Now - to be perfectly honest about this, I am opposed even to this regulation and would prefer to see smoking simply allowed, even in classrooms, like it is in Germany. But I recognize that there is a conflict of interests here, and I'm willing to compromise if that's what most students and faculty want. The current policy lets IU look "tough on smoking," which I admit is a trendy thing to be these days, without actually regulating anyone's lifestyle. And despite frequent whining of this type:
"It does bother me to walk behind smokers, but it is important to keep in mind that people do smoke and people sit outside and smoke all the time," [Freshman Krista Bergman] said. "Many students don't have the guts to tell other students they are disobeying the 30-feet rule, but if they could find a way to enforce anything, that would be great."

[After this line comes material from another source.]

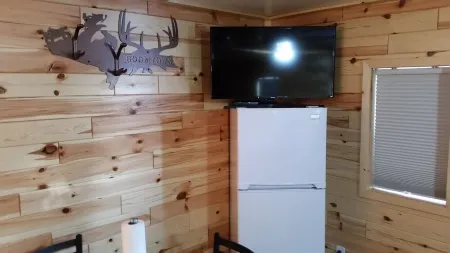 Cabin 1-New, Affordable, Year Round Lodging near Pictured Rocks and Tahquamenon!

...the fact is that people comply with the ban by and large. Yes, the area outside of Ballantine is one place where they don't so much (because there's no obvious place to go to smoke around that horrible building), but everywhere else on campus avoiding smokers is trivial. And enforcing the ban around Ballantine is not even out of the question.
IU Police Department Capt. Jerry Minger said police do not enforce current smoking rules. He said violations are dealt with by the campus judicial system.

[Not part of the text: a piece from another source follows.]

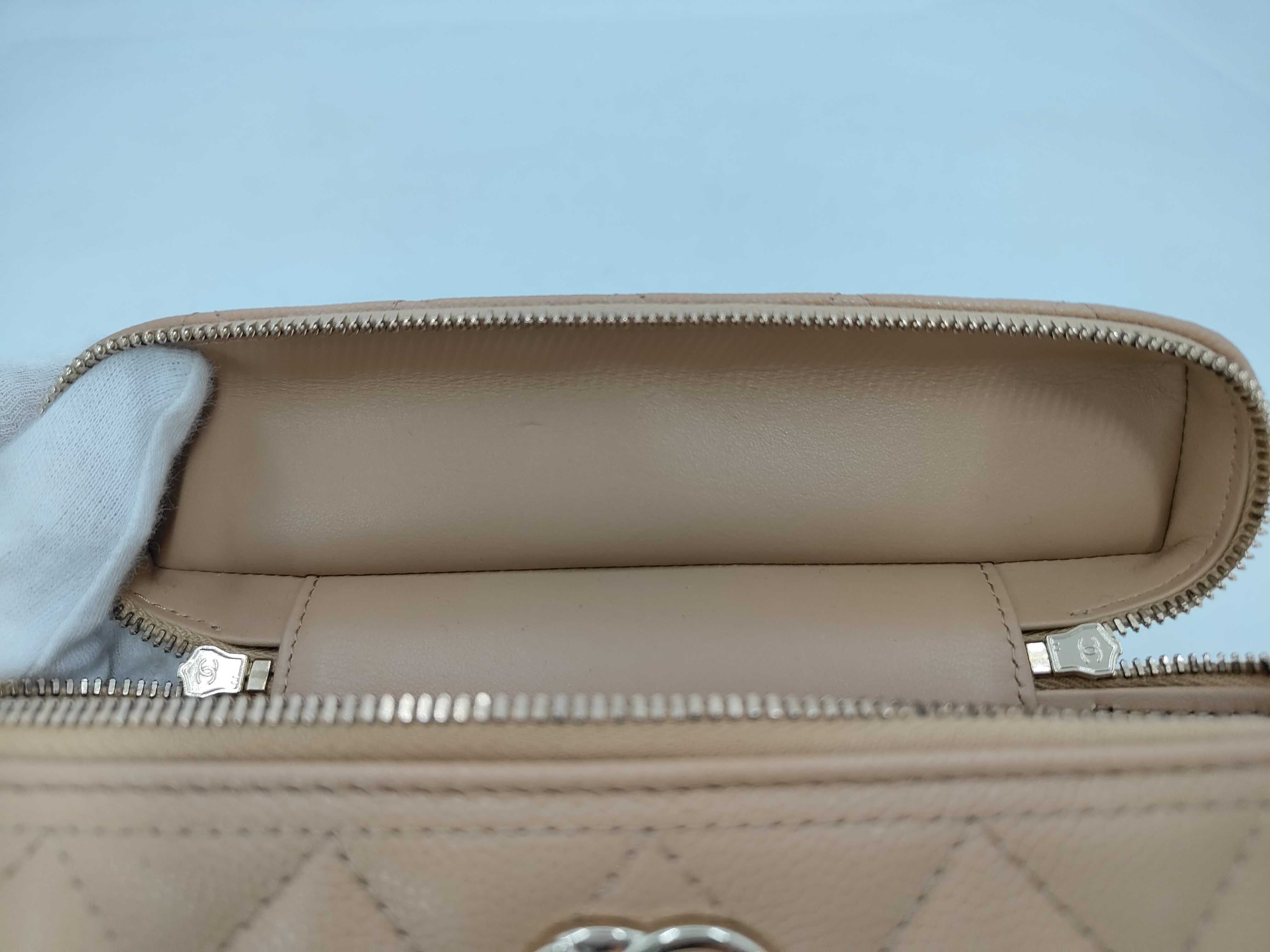 Caviar Skin Chain Vanity Bag (Beige) — view 13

It seems like they'd prefer to try enforcing the current policy before making the rash step of banning smoking outright?
But see, this isn't about enforcement, or health, or anything other, really, than IU's image - and President Herbert's in particular.
Herbert said he was firm in his decision and intense opposition would not dissuade him from pushing to ban smoking.
I guess I don't see why this is "his" decision, exactly. I mean, shouldn't this kind of thing be put to a faculty and/or student vote? Not because it has to be, mind you - but just because it's the human thing to do. That is, at least make sure, before you go playing nanny to people, that you have some kind of broad support base!
I'm not a regular smoker. My upper limit on cigarettes in one day is about 8 - but my yearly consumption hovers at around only 3-4 packs. I smoke a cigar now and then and recently bought a hookah to smoke on the weekends while doing homework. I smoke, in other words, for the same reasons I drink - now and then, to relax, and not because I am addicted. Probably for that reason, I resent smoking bans quite a lot. I handle myself responsibly around tobacco in the sense that I know the balance between an enjoyable hobby and the excessive use (of ANY substance) that makes it a health hazard. I balance my enjoyment of smoking against concerns for my health - and am especially careful about this because I like running and do not want to do anything to damage my performance. My point being: my decision to smoke is a fully conscious one, made in full understanding of the risks and responsibilities. I don't believe I am the only person who can and does make decisions this way. Every smoker of legal age should be treated as just such a rational agent, their decisions about their own health respected, whether or not the university administration happens to agree with them.
I do not recognize this ban and will not abide by it. I don't have any good reason, I suppose, for drawing the line here, but it seems to me that this kind of micromanaging of people's lifestyle choices is a bad legal and cultural trend that needs more vigorous opposition. We have to start fighting back somewhere, and this is as good a place as any.
I look forward to smoking on campus daily in the fall, and sincerely hope I someday have the opportunity to blow a cloud of smoke in President Herbert's smug, self-congratulatory face.